Bologna Technopole: 40 million euros for the Italian city of science
The Italian national funds necessary to complete the Bologna Technopole have been officially authorised.
With the publication in the Official Journal, the Government will allocate 40 million euros in three years (10 million in 2020, 15 million in the following two years), which will be used to finance the necessary steps to complete the infrastructure.
Work is progressing at full speed to finalise, within the first weeks of July, the world-class infrastructure that will host one of the most powerful data centers in the world: the one of the European Center for Medium-term Meteorological Forecasts (ECMWF), an international organisation with 22 Member States, including Italy, and 12 cooperating States.
The Bologna site will become one of the leading centres for scientific calculation at the European and world level, which will be able to foster the development of an entire ecosystem based on highly specialized competences.
The Technopole will also host the pre-exascale supercomputer (EuroHPC) financed by the European Commission and Italian Ministry of Education in 2019, thanks to the proposal presented by a joint Consortium with Slovenia led by CINECA, together with the National Institute of Nuclear Physics (INFN) and at the International Higher School of Advanced Studies (SISSA).
Pre-exascale class computers can perform over 150 petaflops, or 150 million billion calculations per second.
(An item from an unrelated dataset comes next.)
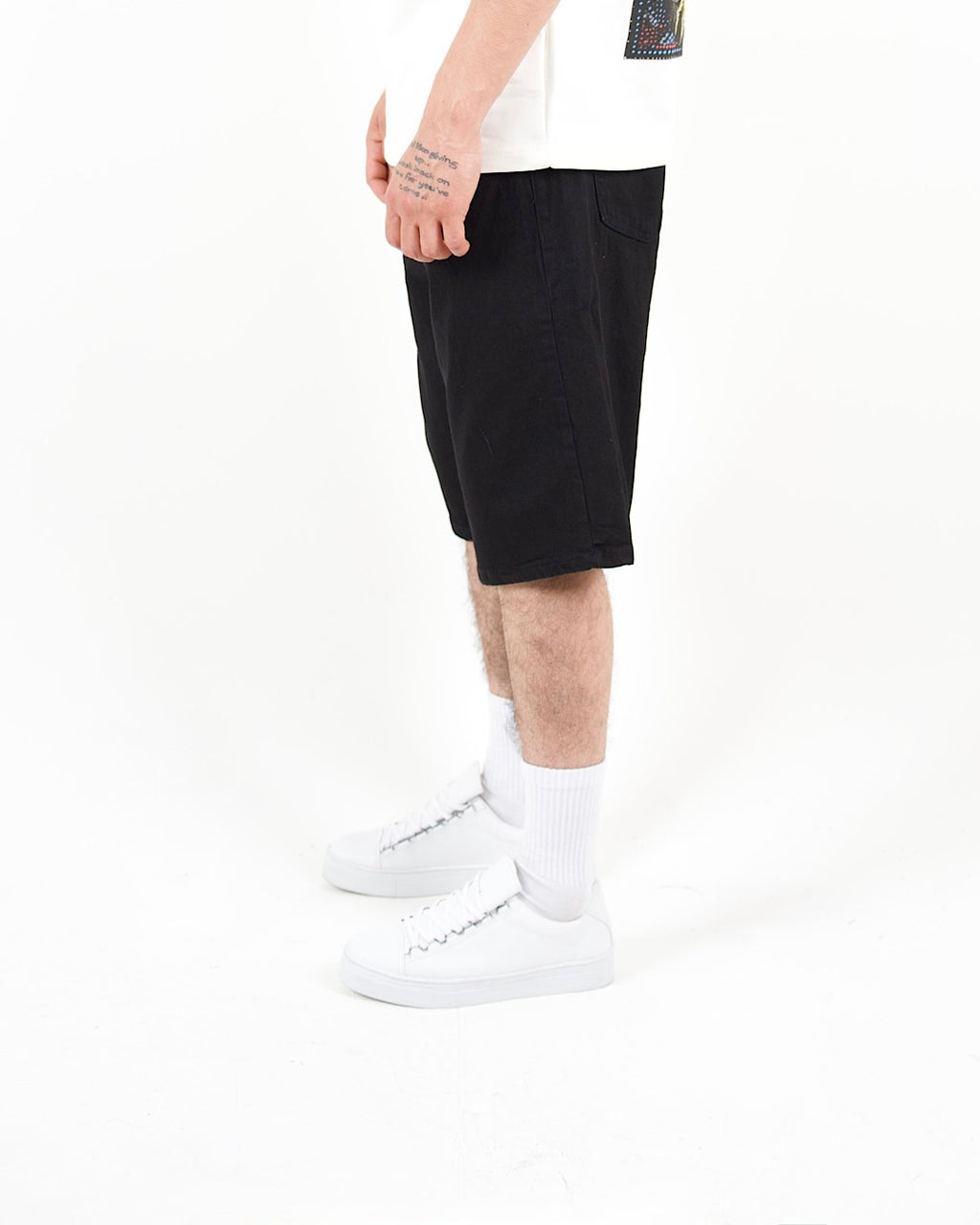 Demin Black Jorts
With such a large amount of data, a top-notch network infrastructure is a must. For this reason, all European centres will be interconnected at very high capacity with the European GÉANT network and in Italy the Bologna hub will be connected with two 100 Gbps links with GARR network, with the possibility to grow up to 1 Tbps in the coming years.
Record link between data centres
A strong collaboration between GARR and large computer centres like the ones of CNAF INFN and CINECA brought to the creation of an ultra-fast dedicated fibre connection with a capacity of up to 1.2 Terabit per second. A connection based on optical transmission which, for the first time, made it possible for two distributed data centres to communicate with each other, with the same level of performance that would be obtainable if they were on the same local network.
Bologna, the Big Data capital
Bologna can be defined as the capital of Big Data thanks to its numerous research centres on High Performance Computing such as the CNAF calculation centre, of INFN and CINECA. Moreover the city is also an important research hub on weather anc climate studies, as it hosts prestigious institutes such as CMCC, CNR, ENEA as well as the European Institute of Technology, Climate-Kic.
Future scenarios
Also, the Bologna region (Emilia-Romagna) is undertaking another important step: Region planning to host the new Copernicus Program, thanks to a recent agreement with the Government aimed at presenting the Technopole as the site of the European research program, where about 250 researchers will be employed.
In particular, the collaboration agreement, signed with the Ministry of Foreign Affairs, provides for the design of the works, with costs borne for 50% by the Emilia-Romagna Region and 50% by the Ministry of Foreign Affairs, which must be completed within 2022, and the preparation of the Italian offer to answer the international call and prepare the tender.